Transmitida em tempo real por meio do canal da Ecojan no YouTube e na Rádio Web TCE, a ação também foi acompanhada por outros parlamentares e equipes técnicas das câmaras, totalizando cerca de 200 visualizações ao final dos trabalhos.

Idealizador da atividade, o diretor da Escola, conselheiro Carlos Pinna, enfatizou que é fundamental lembrar aspectos que proporcionem tranquilidade às gestões das câmaras: “A razão de ser deste encontro é muito menos ter a pretensão de ensinar e muito mais apresentar a nossa instituição como um ponto de convergência dos municípios sergipanos”.

Ao falar em nome dos vereadores presentes virtualmente, o presidente da Câmara Municipal de Aracaju, vereador Josenito Vitale, elogiou a iniciativa da Ecojan e o empenho do TCE no aspecto orientativo.

“Sempre que tenho dúvida em qualquer ato procuro algum membro do Tribunal de Contas para que possa não ter o problema lá na frete. É bom sempre pedirmos orientação a este órgão que vai julgar nossas contas. Importante estar alinhado, sermos amigos e parceiros, sempre respeitando a Constituição e as leis”, destacou o parlamentar.

Assim como no primeiro webinário, voltado aos prefeitos sergipanos, as explanações técnicas foram conduzidas  pelo procurador-geral do Ministério Público de Contas de Sergipe (MPC/SE), Luis Alberto Meneses, e pelo procurador-geral do MPC do Tocantins, José Roberto Gomes.
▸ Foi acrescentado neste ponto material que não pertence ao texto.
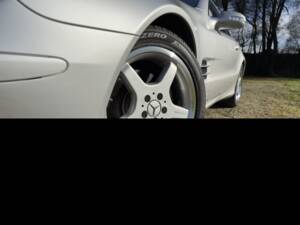 Image 76/89 of Mercedes-Benz SL 500 (2002)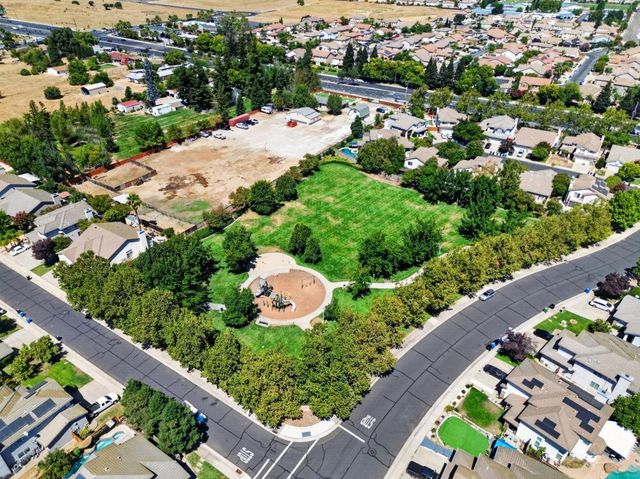 8354 Baisley Ct, Elk Grove, CA 95624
Luís Alberto expôs as causas mais frequentes da rejeição de contas de forma técnica e elucidativa, demonstrando, por exemplo, a diferença entre as contas de governo e as contas de gestão. “O chefe do poder executivo cuida do orçamento, ele é o responsável pelo planejamento e execução dos programas governamentais. Já o poder legislativo auxilia nesse trabalho”.  Ainda na sua fala, ele discorreu sobre o papel do TCE e explicou sobre as consequências de natureza política que a rejeição de contas pode ter.

Já o procurador geral do MPC do Tocantins, José Roberto Torres Gomes, abordou o papel colaborativo dos Tribunais de Contas. “As contas são instrumentos de humanidade, instrumentos para melhorar a vida dos cidadãos em tempos tão difíceis como o que vivemos. Os vereadores estão ali, de portas abertas, conhecem e vivem as demandas de seus municípios. Por isso, o meu total respeito por todos os vereadores”, ressaltou.

José Roberto acrescentou que o maior provocador da rejeição de contas é o desconhecimento, daí a importância do aparato técnico na condução das contas. “Os senhores devem ter a humildade de procurar o Tribunal de Contas, uma grandeza garantirá o sucesso do trabalho. Os órgãos fiscalizadores têm obrigação de amparar”, finalizou.

A ação teve ainda a parceria da  Federação dos Municípios do Estado de Sergipe (Fames) na ocasião representada pelo seu presidente Christiano Cavalcante.